Suddenly, there was this voice coming out of the blue. I mean : the dark spacey blue of my paperwall. It woke me up, or so I assumed. The voice (as it should) came out of a human larynx, which was (as it should) set in a human neck. And above this neck, there was a human face. That of a little girl. The rest of her body was invisible, due to lack of light.. or substance.
— Who the heck are you? What are you doing in my house?
OK, I was doing a pretty bad job as a PR of myself, I know. But then, try to look virile and competent and self-confident when you're blatantly shirking on a Sunday morning, stark-naked under the sheet, in front of a ten-year-old girl who just appeared from Nowhere. The simple truth is that she had scared the living daylights out of me.
Is the little girl a pretty girl? she asked in a not-so-disneyish voice.
— What? I cried. Are you.. out of your mind or something? Where are your parents?
— Here and there, she replied.
This gave me a mother of all shudders (to think). I didn't need a degree in deviant psychology to know that this phrase was reeking of double-entendre.
— I will repeat myself once and final time: Who. Are. You?
— I'm Murphy. And I'm a three-dimensional LAZ-air application.
I stopped in my tracks.
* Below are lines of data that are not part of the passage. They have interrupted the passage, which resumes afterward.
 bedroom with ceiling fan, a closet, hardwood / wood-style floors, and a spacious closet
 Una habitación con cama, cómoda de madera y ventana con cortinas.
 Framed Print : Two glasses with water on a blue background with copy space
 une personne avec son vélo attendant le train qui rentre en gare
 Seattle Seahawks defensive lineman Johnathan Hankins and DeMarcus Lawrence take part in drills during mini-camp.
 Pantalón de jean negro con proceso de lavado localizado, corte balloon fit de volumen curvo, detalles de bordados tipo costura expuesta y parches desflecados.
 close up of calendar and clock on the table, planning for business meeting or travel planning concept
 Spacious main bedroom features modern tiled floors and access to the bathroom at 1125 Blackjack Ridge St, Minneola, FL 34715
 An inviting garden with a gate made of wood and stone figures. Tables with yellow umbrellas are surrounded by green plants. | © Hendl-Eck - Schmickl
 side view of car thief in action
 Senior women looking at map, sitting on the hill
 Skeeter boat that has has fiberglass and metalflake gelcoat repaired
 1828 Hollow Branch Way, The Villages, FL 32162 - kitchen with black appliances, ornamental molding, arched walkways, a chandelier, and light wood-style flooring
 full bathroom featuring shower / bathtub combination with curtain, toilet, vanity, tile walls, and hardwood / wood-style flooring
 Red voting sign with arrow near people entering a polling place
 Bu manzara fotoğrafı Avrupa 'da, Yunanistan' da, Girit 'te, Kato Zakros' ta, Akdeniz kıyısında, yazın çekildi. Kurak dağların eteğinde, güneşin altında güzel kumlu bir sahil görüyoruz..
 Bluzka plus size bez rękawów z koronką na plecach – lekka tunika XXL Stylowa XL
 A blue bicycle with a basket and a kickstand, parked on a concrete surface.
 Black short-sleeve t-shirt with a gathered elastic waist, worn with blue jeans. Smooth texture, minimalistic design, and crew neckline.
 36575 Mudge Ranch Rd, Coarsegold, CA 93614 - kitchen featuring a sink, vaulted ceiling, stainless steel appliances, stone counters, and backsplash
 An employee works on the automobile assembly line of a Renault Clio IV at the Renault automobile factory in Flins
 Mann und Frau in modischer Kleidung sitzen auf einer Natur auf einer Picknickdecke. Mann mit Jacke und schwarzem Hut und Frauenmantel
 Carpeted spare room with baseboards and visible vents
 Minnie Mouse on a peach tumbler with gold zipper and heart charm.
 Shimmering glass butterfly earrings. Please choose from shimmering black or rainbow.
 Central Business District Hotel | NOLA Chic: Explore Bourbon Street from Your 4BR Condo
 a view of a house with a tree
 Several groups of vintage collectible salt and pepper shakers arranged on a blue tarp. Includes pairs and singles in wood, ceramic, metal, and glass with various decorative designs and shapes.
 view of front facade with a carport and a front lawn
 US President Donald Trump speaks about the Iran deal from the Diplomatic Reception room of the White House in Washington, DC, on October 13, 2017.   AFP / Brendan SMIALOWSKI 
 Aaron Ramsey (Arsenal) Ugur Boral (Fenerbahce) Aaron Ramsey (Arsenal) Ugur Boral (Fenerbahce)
That rang a bell, although not a loud one.
— What do you mean, "Murphy"? As in Interstellar, the 2010's flatty?
— My very existence was inspired by this movie.
— Well.. that's a bit.. cavalier, don't you think? I don't know which Company pays for this kind of scary advertisement, but I want my money back.
— You can't, as you're not the one who paid for it. And if I may be so bold: you're so strange.
— Yeah, well, you may be right, but you're some strange piece of oddity, too.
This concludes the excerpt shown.